Solid Flounder and Cool Shirt! I got one of those--the last one!!!


----------



## spitfire (Jan 2, 2007)

Next time you guys go gigging shoot me a pm invite I will gladly go!!!


----------



## Brassnadz (Jun 18, 2007)

spitfire said:


> Next time you guys go gigging shoot me a pm invite I will gladly go!!!


ME TOO!!!


----------



## GHSmacker (Feb 27, 2006)

Looks like y'all had a pretty good night. 

I've never done that, but i've been wanting to try.


----------



## Zork (Jan 11, 2006)

Nice job...looks like fun!


----------



## WestEndAngler (Jan 30, 2007)

Was a good time, I will PM those that said they want to come the next time. Overall it was a good evening only some minor cuts from a few fingers getting to close to the toothy flounder.


----------



## Piledriver (May 23, 2007)

Nice report, On the same date someone was running a gig'n boat in Jamaica beach's wetland/bird area. I was wondering if it was someone on here and how they did.
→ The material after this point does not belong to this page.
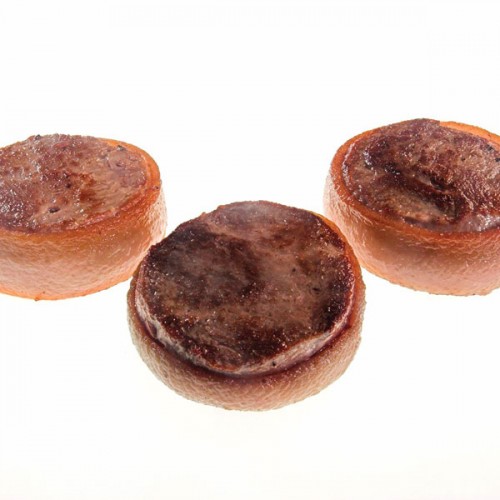 Trios - Venison, Hare, Wild Boar & Lard 3 x 60g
Just curious since it right in front of the house


----------



## 2madmax7 (Apr 10, 2007)

Makes my mouth water.


----------



## WestEndAngler (Jan 30, 2007)

Piledriver said:


> Nice report, On the same date someone was running a gig'n boat in Jamaica beach's wetland/bird area. I was wondering if it was someone on here and how they did.
> 
> Just curious since it right in front of the house


It wasn't us... we had a lantern and the Academy underwater light specials... Someone here posted about gigging in there boat which made me want to try the extreme high tide on Friday. Speaking of tide, it was up pretty high. When we got back to the trucks, BeachBumBailey was nowhere to be found... I spotted him with the flashlight bouncing across a (for him) neck deep channel holding a 15lb backpack above his head, I couldn't help but laughing.

Also, where we parked was slowly getting full of water (which typically it doesn't) seems the ATV's have been rutting up the area and now the tidal area is increased drastically.


----------



## txgoddess (Sep 21, 2007)

Gosh... that one in the orange hat sure is cute. I might marry him... oh, wait... I already did. Y'all can have him anytime ya want him. 
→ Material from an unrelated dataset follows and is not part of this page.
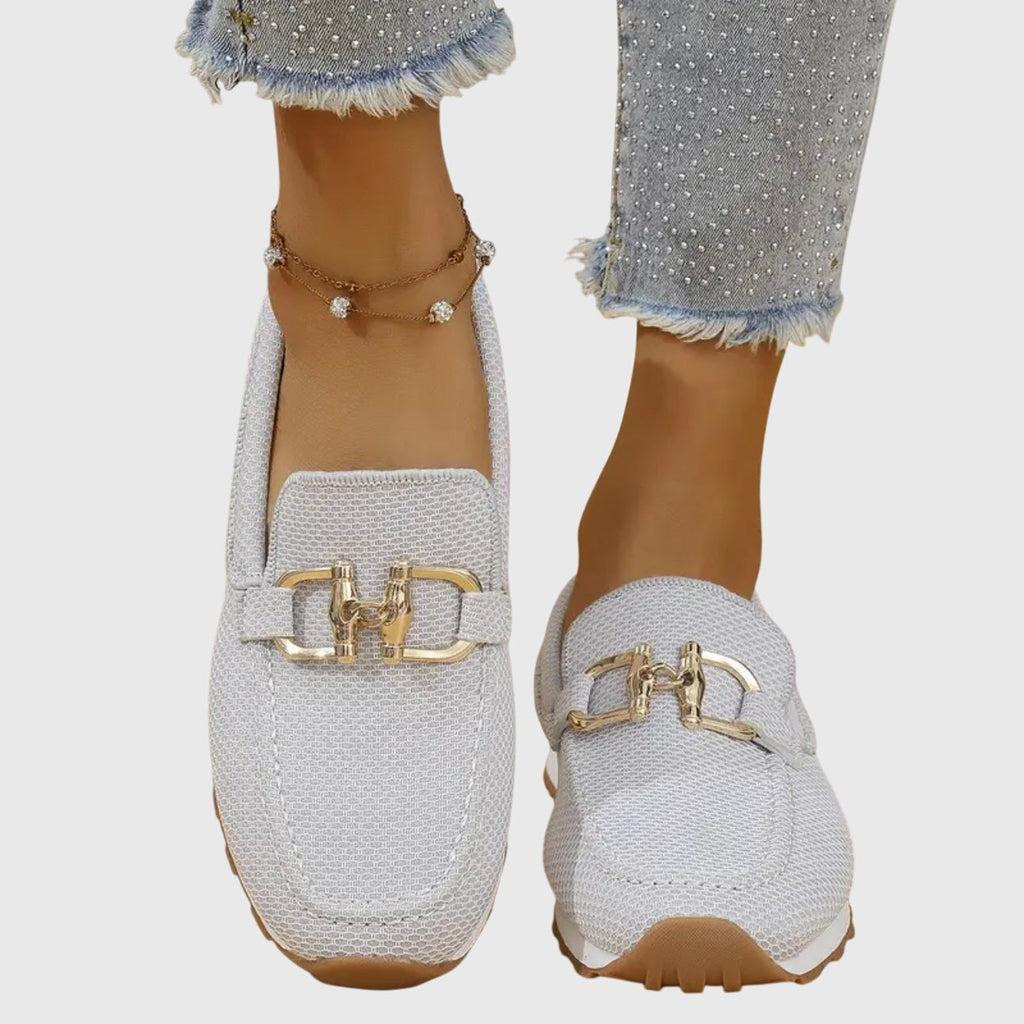 Sofía | Zapatillas Ortopédicas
Next time ya gotta take me, though.

Elaine
www.elainesaccounting.com


----------



## Sweet Action (Mar 27, 2008)

Nice job, those are some solid flukes!!!


----------



## Bowhntr (Aug 7, 2006)

Hey 2cooler

When you guys go out next give me a PM and lets plan on a '2cooler outing for fun and to meet'. I thinking about taking my Yak and trying to gig afew-never done before, seen the light you guys are talking about-what power source you used to power light?


----------



## Chris9681 (Jul 1, 2007)

*Wow?*

Those are nice but i caught this 22 incher 5lber on rod and reel no giggin the real way?


----------



## Cowboygunsmith45 (Nov 26, 2006)

yea that flounder bite healed up pretty good!! but i'll tell you what man them things got a set of jaws!!! sunday night i was beggin all my buddys "lets go again" that was a great time ready to go back whenever yall are!!!!!!


----------



## WestEndAngler (Jan 30, 2007)

Chris9681 said:


> Those are nice but i caught this 22 incher 5lber on rod and reel no giggin the real way?
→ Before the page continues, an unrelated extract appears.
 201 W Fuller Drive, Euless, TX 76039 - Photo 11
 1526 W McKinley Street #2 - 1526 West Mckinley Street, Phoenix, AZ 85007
Chris... dont think your the only special one... Caught this one the weekend before...


----------



## Chris9681 (Jul 1, 2007)

*Yeah?*

Too bad mines way bigger, Way bigger no contest


----------



## TheSampsonator (Jan 7, 2008)

*Respect......*



Chris9681 said:


> Too bad mines way bigger, Way bigger no contest


Toot your own horn much? Thread thief?


----------



## WestEndAngler (Jan 30, 2007)

TheSampsonator said:


> Toot your own horn much? Thread thief?


:rotfl: lol... I saw his Fishing Report, even gave him some green guess it wasn't enough.


----------



## spitfire (Jan 2, 2007)

Where do you guys buy your gigging spears from?


----------



## CAPT.D (Oct 13, 2005)

Nice flatties,where did you get the pieces to make your stringer.Thanks for any info.


----------



## WestEndAngler (Jan 30, 2007)

Its a Bass Pro Shop special, its actually the best stringer I have run across for flatties... The spears I bought at Academy. I wrap mine with Tennis Racquet grip to add comfort.


----------



## CAPT.D (Oct 13, 2005)

Thanks again for the info.


----------



## Captain Dave (Jul 19, 2006)

Nice report and pics ! Good eatin ahead...


----------



## WestEndAngler (Jan 30, 2007)

txgoddess said:


> Gosh... that one in the orange hat sure is cute. I might marry him... oh, wait... I already did. Y'all can have him anytime ya want him.
> 
> Next time ya gotta take me, though.
> 
> ...


LMAO! HE paid us ;-)

Anytime you want...


----------



## txgoddess (Sep 21, 2007)

WestEndAngler said:


> LMAO! HE paid us ;-)


I know better than that... unless he paid you in Flounder. I'm his accountant. 

Elaine
www.elainesaccounting.com


----------



## WestEndAngler (Jan 30, 2007)

Yah forgot about that... We'll have to get you out next time. Hope you enjoyed the flounder. I grilled mine up that Sunday, very happy all five of us were able to take a flattie home though good eats all around.


----------